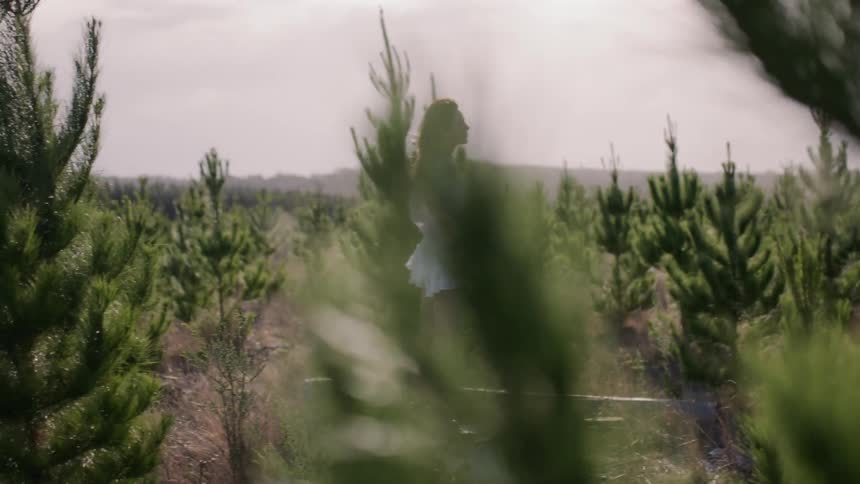 Woman stands in a field of small trees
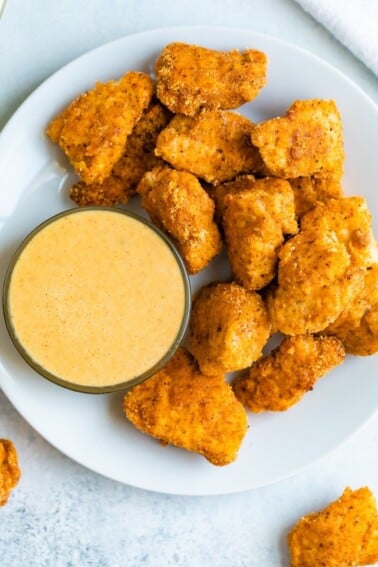 Plate with baked chicken nuggets and a dipping bowl with homemade Chick-Fil-A sauce.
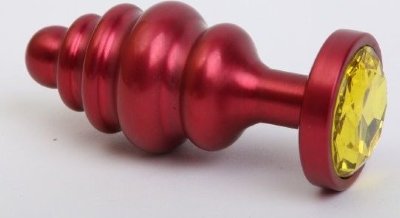 Красная ребристая анальная пробка с жёлтым стразом - 7,3 см.  Цена 1 385 руб. Длина: 7.3 см. Диаметр: 2.9 см. Металлическая анальная пробка с ограничительным основанием для безопасного использования и кристаллом. Страна: Китай. Материал: металл.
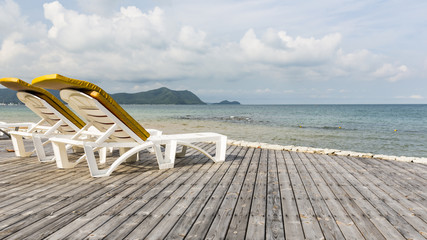 Fototapeta na wymiar Beach bed on natural wooden floor platform which located beside the clean and clear water in ocean, with white cloud and blue sky as background at skyline.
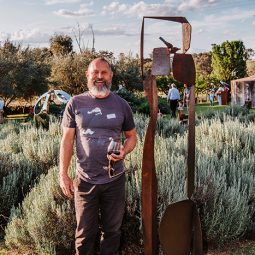 Paul Bacon with his steel sculpture Wren Temple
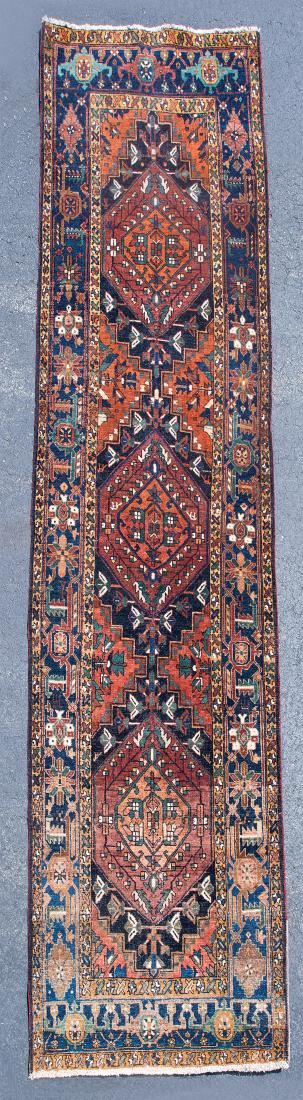 PERSIAN KARAJAH RUNNER: PERSIAN KARAJAH RUNNER Oriental rug, three medallions, brown diamonds with small figures in blue and stylized flowers, three borders, 3' 4" x 12' 8".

....................

**What you are asked to do**
Nothing but the lines from the line containing "Красная ребристая анальная" through the end of the data, both ends included, is to be reproduced, exactly as written and without the pictures.

**Completed exercise**
 Красная ребристая анальная пробка с жёлтым стразом - 7,3 см.  Цена 1 385 руб. Длина: 7.3 см. Диаметр: 2.9 см. Металлическая анальная пробка с ограничительным основанием для безопасного использования и кристаллом. Страна: Китай. Материал: металл.
 Fototapeta na wymiar Beach bed on natural wooden floor platform which located beside the clean and clear water in ocean, with white cloud and blue sky as background at skyline.
 Paul Bacon with his steel sculpture Wren Temple
 PERSIAN KARAJAH RUNNER: PERSIAN KARAJAH RUNNER Oriental rug, three medallions, brown diamonds with small figures in blue and stylized flowers, three borders, 3' 4" x 12' 8".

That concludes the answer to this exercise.